Science Officer for Northern Ireland
Katherine works closely with NIEA/DAERA, other Government departments, NGOs and other stakeholders in environmental evidence to identify priority areas of need and to guide the collection of new data and analysis of current data sets. She is responsible for developing the scientific foundation of bird data used in Northern Ireland for conservation and sustainable land management policy development, planning and implementation.
Interests & Responsibilities
Katherine was introduced to the world of ringing and studying seabirds as an undergraduate at Cardiff University when she volunteered as an assistant warden on the uninhabited nature reserve of Round Island, Mauritius for 8 months.
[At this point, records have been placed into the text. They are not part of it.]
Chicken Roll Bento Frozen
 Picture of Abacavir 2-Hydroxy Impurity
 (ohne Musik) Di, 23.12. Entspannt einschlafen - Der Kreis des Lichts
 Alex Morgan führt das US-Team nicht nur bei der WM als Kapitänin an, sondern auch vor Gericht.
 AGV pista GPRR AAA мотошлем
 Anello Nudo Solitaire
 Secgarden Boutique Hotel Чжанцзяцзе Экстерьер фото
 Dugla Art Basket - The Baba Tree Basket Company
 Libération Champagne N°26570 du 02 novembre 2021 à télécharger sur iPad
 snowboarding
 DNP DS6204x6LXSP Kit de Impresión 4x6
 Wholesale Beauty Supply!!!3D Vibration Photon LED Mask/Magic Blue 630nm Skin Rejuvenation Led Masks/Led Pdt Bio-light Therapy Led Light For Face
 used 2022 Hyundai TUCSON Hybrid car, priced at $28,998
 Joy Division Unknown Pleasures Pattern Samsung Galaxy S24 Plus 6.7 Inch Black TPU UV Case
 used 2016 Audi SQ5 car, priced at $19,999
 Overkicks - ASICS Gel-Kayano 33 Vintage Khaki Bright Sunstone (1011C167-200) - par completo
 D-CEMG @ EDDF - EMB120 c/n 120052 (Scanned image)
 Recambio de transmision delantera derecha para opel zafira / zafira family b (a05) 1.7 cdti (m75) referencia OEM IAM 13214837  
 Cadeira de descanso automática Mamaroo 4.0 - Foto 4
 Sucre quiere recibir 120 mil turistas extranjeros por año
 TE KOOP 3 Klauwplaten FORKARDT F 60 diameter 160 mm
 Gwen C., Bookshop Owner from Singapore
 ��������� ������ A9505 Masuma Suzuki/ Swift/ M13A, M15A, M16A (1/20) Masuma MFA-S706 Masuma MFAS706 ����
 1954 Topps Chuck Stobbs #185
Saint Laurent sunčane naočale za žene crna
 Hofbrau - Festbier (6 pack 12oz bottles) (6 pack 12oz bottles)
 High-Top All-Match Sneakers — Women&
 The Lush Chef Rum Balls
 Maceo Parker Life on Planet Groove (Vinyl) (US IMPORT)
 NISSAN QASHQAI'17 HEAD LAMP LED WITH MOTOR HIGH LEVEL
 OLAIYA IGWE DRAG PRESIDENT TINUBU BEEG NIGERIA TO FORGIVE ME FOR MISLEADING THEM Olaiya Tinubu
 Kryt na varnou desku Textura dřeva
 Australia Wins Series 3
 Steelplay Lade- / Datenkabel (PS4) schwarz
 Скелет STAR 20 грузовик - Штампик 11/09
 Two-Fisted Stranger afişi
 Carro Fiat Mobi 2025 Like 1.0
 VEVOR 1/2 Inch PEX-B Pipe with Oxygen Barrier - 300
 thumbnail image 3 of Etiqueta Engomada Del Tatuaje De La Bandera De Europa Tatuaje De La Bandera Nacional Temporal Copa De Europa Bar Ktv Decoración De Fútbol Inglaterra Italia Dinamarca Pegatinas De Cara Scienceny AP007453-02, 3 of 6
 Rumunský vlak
She enthusiastically studied the spatial and molecular ecology of Round Island’s population of Gadfly petrels for her PhD. Having completed her PhD in 2016, Katherine decided to focus her attention on the bird life of islands closer to home, with the aim of contributing to the world-leading data that BTO collects on the UK's most beloved wildlife.
As part of her role as the Science Officer for Northern Ireland, Katherine manages the Northern Ireland Seabird network, a dedicated team of volunteers who collect vital seabird records for the region. In addition, much of her work involves collaboration with the Northern Ireland Environmental Agency, advising on data collection and analysis for a range of bird species. Katherine also runs BTO Northern Ireland’s twitter feed: @BTO_NIreland.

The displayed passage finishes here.